## DATA SECTION:
Segment Open

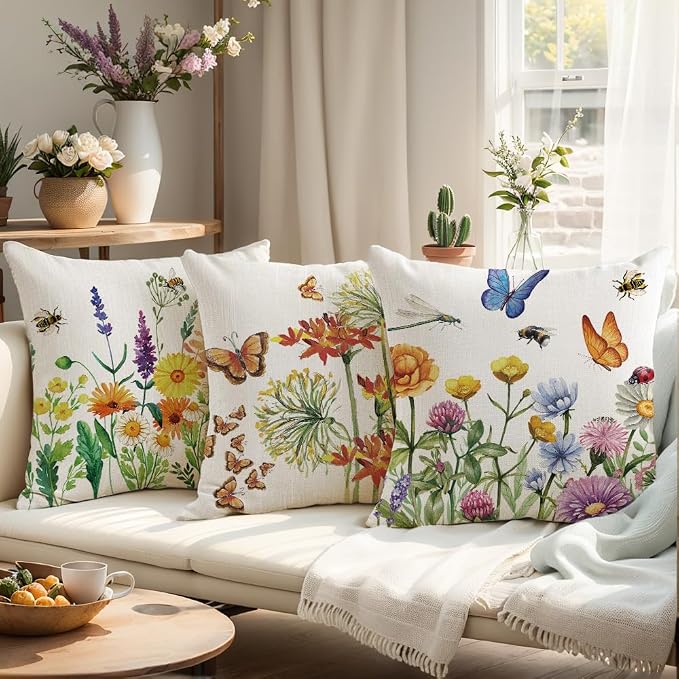 wyooxoo Throw Pillow Covers 20x20 Set of 4 Summer Spring Pillow Covers Flower Butterfly Farmhouse Cushion Case for Sofa Couch Outdoor Patio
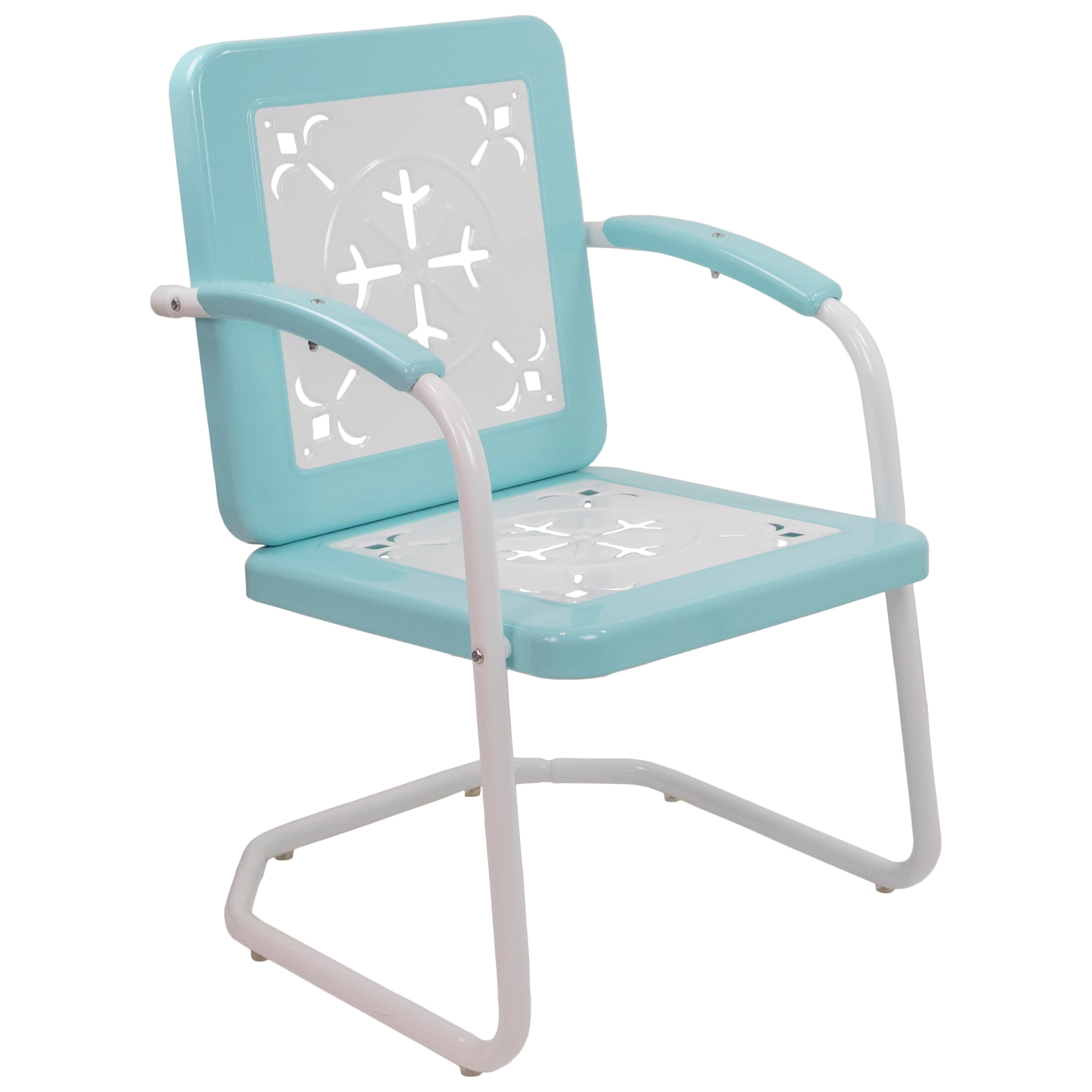 Northlight 35127451 Blue Stationary Conversation Chair with Solid Seat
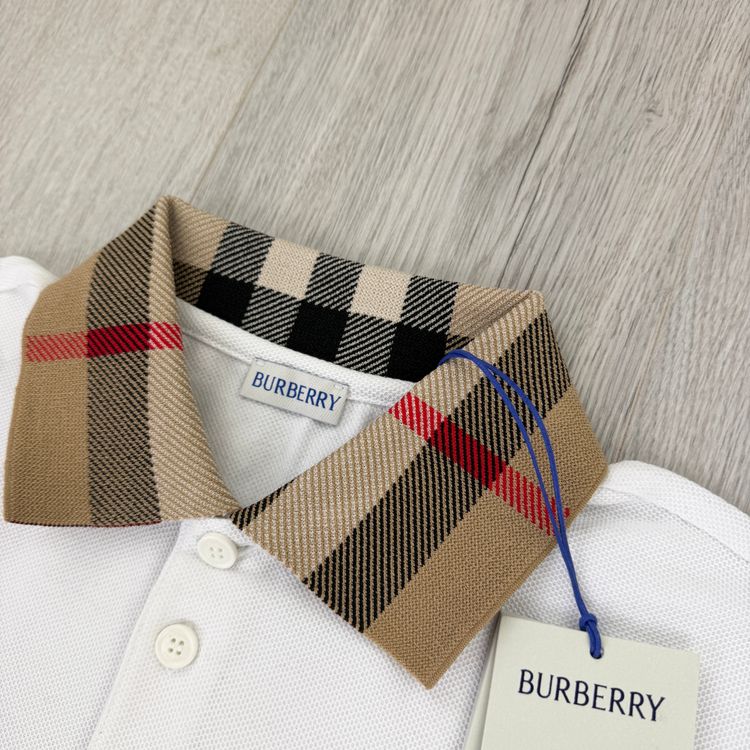Burberry Men’s White Slim-Fit Checked Cotton-Piqué Polo Shirt 4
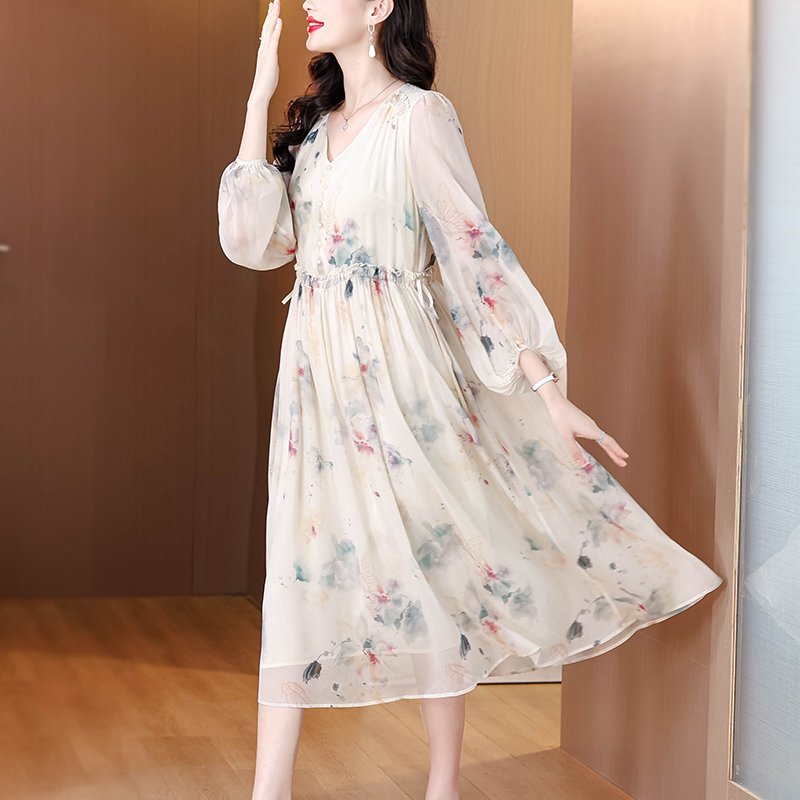 France style floral silk show young real silk summer dress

Segment Closed

## WHAT IS EXPECTED:
Everything in the material except the pictures should be restated word for word.

## SOLUTION TO THIS TASK:
 wyooxoo Throw Pillow Covers 20x20 Set of 4 Summer Spring Pillow Covers Flower Butterfly Farmhouse Cushion Case for Sofa Couch Outdoor Patio
 Northlight 35127451 Blue Stationary Conversation Chair with Solid Seat
Burberry Men’s White Slim-Fit Checked Cotton-Piqué Polo Shirt 4
 France style floral silk show young real silk summer dress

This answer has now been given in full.